According to the "study abroad roller coaster" that I was introduced to prior to my departure from the States, I am due for a crash downwards into homesickness and culture shock sometime soon (although, it looks like the worst is yet to come). I am feeling the beginnings of the first descent here and there, such as when culture shock still pops up after I think it must all be over, or when I am reminded of the smallest of details about home that I never thought I would miss. For example, the price of $2.50 for a single avocado (on sale!) has caused me deep regret for the times I passed up a 2 for $1 sale back home. The pure luxury of choosing to go home for school breaks is not an option right now, even though those around me have already visited home numerous times in recent weeks. Finally, the accent barrier still occasionally requires excellent listening skills and guesswork on my behalf - but I must say that I'm becoming very good at this.
However, I maintain my adoration of Australia because of the countless other ways that I have been pleasantly surprised here. The weather, for one, is a surprise every day. I've become accustomed to falling asleep to thunderstorms and waking up to sunshine. I have seen more lightning in the past month than I have in the twenty years I lived in California.
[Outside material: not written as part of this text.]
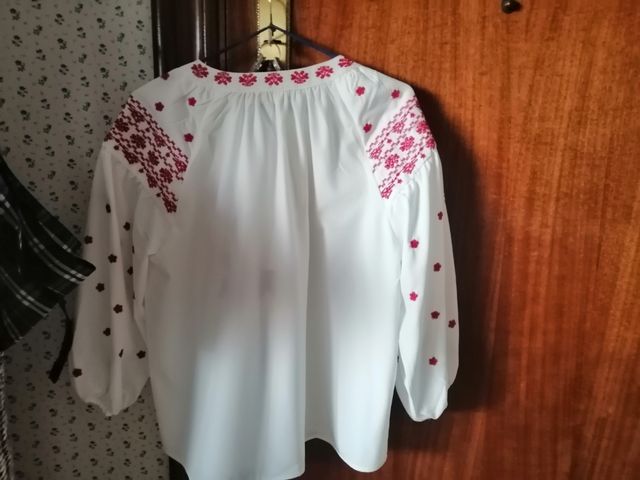 Blusa floja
One day last week it was gorgeous and sunny, yet I could see lightning casually bolt across the sky in the distance. Later in the week, it felt as if a storm decided to take place directly over Bathurst to make a point that the seasons are changing. As for the upcoming days, I'll just have to find out as it comes - the weather predictions often turn out wrong.
Australia's gorgeous nature does not stop at the weather variations. I am constantly in awe of how clear the night skies are, how far I can see over the wide and flat landscape, and the many creatures I encounter day to day. Dozens of kangaroos live on the campus of my uni, coming out of their hiding places at night. I have joined my roommates on a couple of drives through campus to see if we can find an even bigger and more intimidating kangaroo than we saw last time. The bunnies, sheep, magpies and possums keep life in Australia interesting as well. My nights tucked in bed are always interrupted by a possum hissing outside my window, and my daily walks to campus would certainly not be the same without the squawks and songs of various birds (one even joined me for lunch once).
I'd like to mention a couple of highlights of the past weeks. I was able to venture outside of Bathurst a bit to spend time in the sun. I joined my housemate, Ashley, at a gorgeous riverbank called Flat Rock where we ditched the homework we had brought with us to soak in the sun and keep an eye out for snakes that might be warming themselves on the rocks. A very Aussie moment for me was indulging in my first real Vegemite toast, which I added avocado to in order to cut the taste a bit. I am slowly but surely getting used to the sharp taste of the spread, and might even miss it when I head home. I'm going to have to stock up on bread to try out the other classic meals here, such as spaghetti on toast and baked beans on toast (I'm still skeptical about these). Hundreds of other memories have been crammed in between the moments I share here, but words wouldn't suffice.